Powerlessness

I have been working toward gaining a sense of myself again and decided to follow the TLC’s: Therapeutic Lifestyle Changes. The one thing that I am absolutely great at; whether it be good or bad, is introspection. I am always looking within and trying to figure out how I tick, what I need (in the core) and in what ways can I improve. I notice some nasty little things about me. For one, I am critical, frustrated and angry at the ones I love most. It is a result of stress. But, what is it that makes me so stressed that I destroy the relationships with my loved ones. I have not always been this way and so gave it a lot of thought.

Recently I read an opinion piece in the New York Times about the love of money. The author said he contacted a counselor to beat his alcohol and drug addiction. She said that he had a “spiritual malady” of needing to feel powerful. When he kicked drugs and alcohol, he merely switched to money as his addiction instead of healing his “inner wound.” He still felt powerless and wanted to be in control because in some way we feel “damaged and inadequate.”

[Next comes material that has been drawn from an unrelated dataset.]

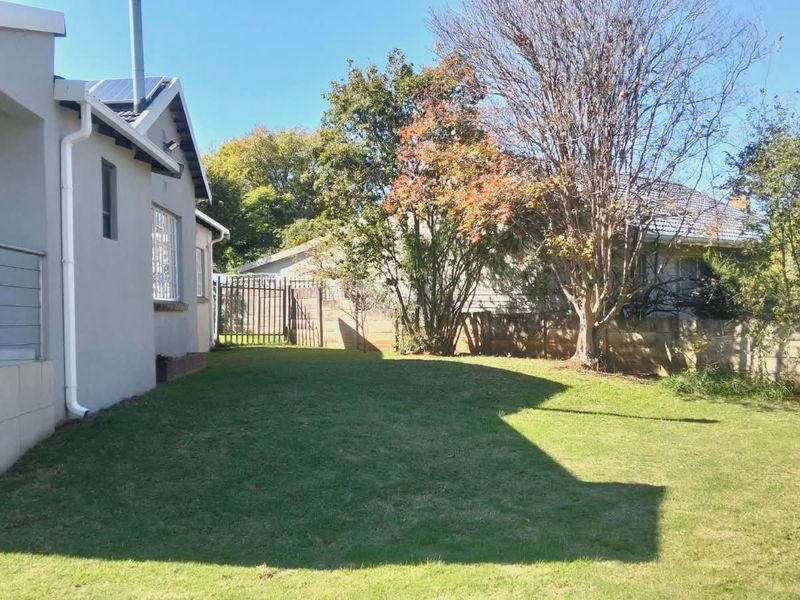 6 Beds 2 Baths 1 Servants Quarters, Single Garage, 4 Carports, 1192sqm  Variety of 12 Fruit Trees - Photo 6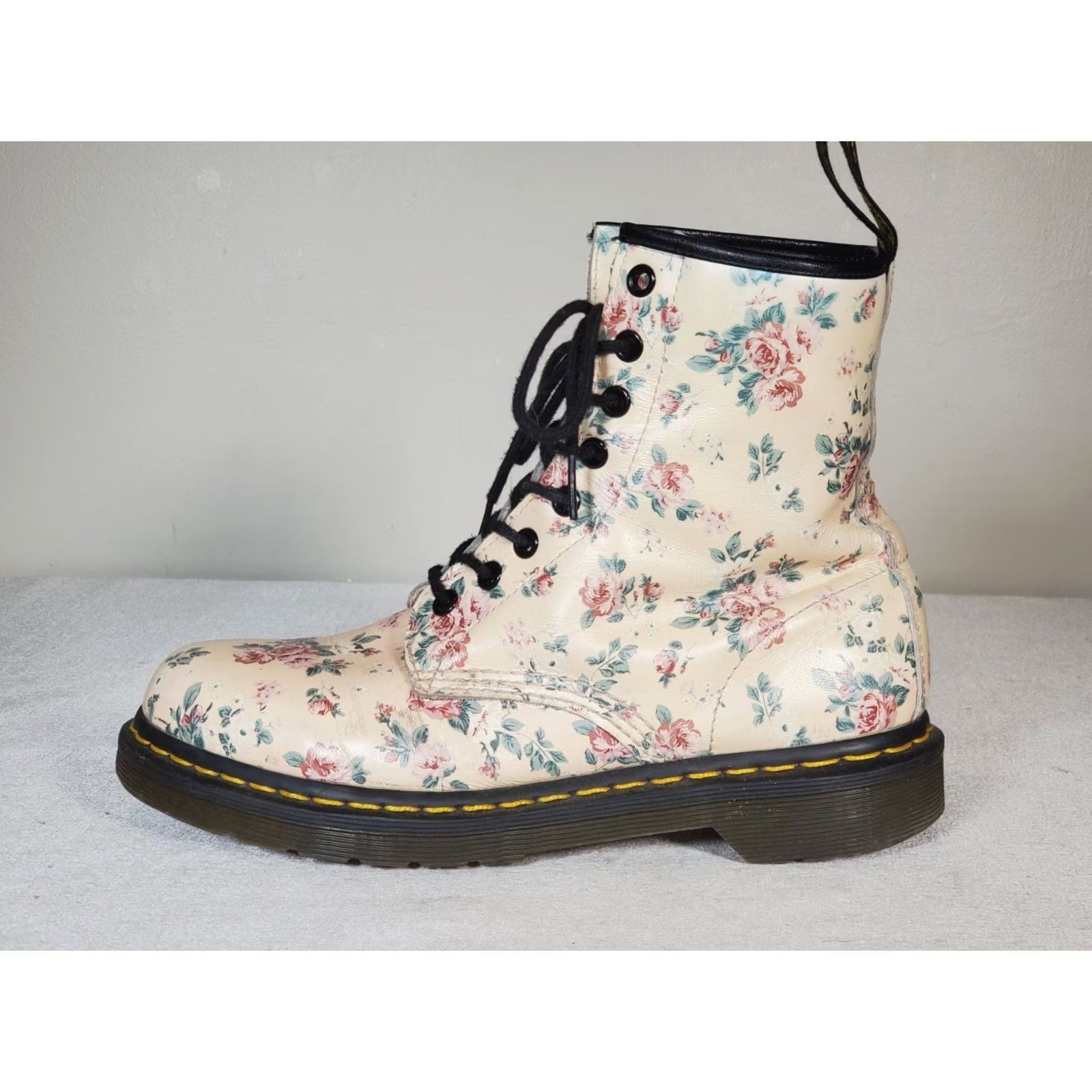 Dr. Martens VINTAGE Dr. Martens 1460 Boots Women’s US 8 Pink Rose 8-Eye Leather Softy T Combat Casual Workwear Grunge Hippie Retro Streetwear Flower Roses Size US 8 / IT 38 - 5 Thumbnail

This rang so true for me. I feel powerless. I feel I am spinning my wheels and going no where and it is so painfully frustrating. In turn, I lash out against anything that may be perceived as an obstacle to me living my life the way I want. Sadly, since I am always with my children with a fairly absent husband, they are the ones that get to see my ugliness and not him. But, even he does not deserve it, simply because he does not deserve that much energy from me. It is not even about him, it is about me. Ever since I was in an abusive marriage with my ex husband, I have played the role of victim. Now that I am in a loveless and empty marriage, I am in the same role again. I want to break free… I need to break free, but still looking for the means to be financially independent enough to take care of me and my five kids.

I decided to learn more about this feeling of powerlessness and came across an article from Deepak Chopra, that touched on many of the things I was finding in myself already. He says firstly to “stop giving away my power” and goes on to say that this happens when we “decide that others matter more than you do. Or when you let someone who seems to have more power take charge of you.” Keeping the peace “reduce your sense of self-worth, and without self-worth, you cannot rid yourself of your powerlessness. ”

Secondly, he says to “examine why it’s ‘good’ to be a victim.” I realized on my own that I have been playing the role of victim, but surely do not know why it is “good” to be. Deepak Chopra says that the pay off is the “virtues” gained: “selfless pain”, “protection” and “forgiveness”. In order to break the vicious cycle is to admit that victim is “role is voluntary. They are not trapped by fate, destiny, or the will of God. Their role is a personal choice, and they can chose differently.”

Thirdly, we have to “develop our core self.”  He says that the “core self” is the “part of you that connects to reality, placing you at the center of experiences that you personally create.” We are in fact the “the author of your own story” and must pick up the pen and write it, in other words we have to develop the story, write it, live it.

Fourthly, we must “align yourself with the flow of evolution, or personal growth.” Deepak says for us to let the “path will unfold and you will evolve.” We plant the seeds, we water them, give them plenty of sun and then watch it grow…. keep positive. Do not let cold, destructive winds or scavengers destroy what we are growing… thwart negativity.

Fifthly, “trust in a power that transcends everyday reality.” Know that God (the supreme creator) never asked that we suffer for the sake of peace of to not rock the boat. Deepak furthers says to look for “escape routes”; these are to help us escape our negative victim self talk… to silence our inner victim. He says, “escape routes exist along the qualities hidden in consciousness and they are creativity, intelligence, love and compassion, quantum leaps and devotion.  

I feel confident that I am on the right track with this epiphany and feel much relief for tapping into a key in the hidden aspects of my mind. If you have any suggestions, please share with me.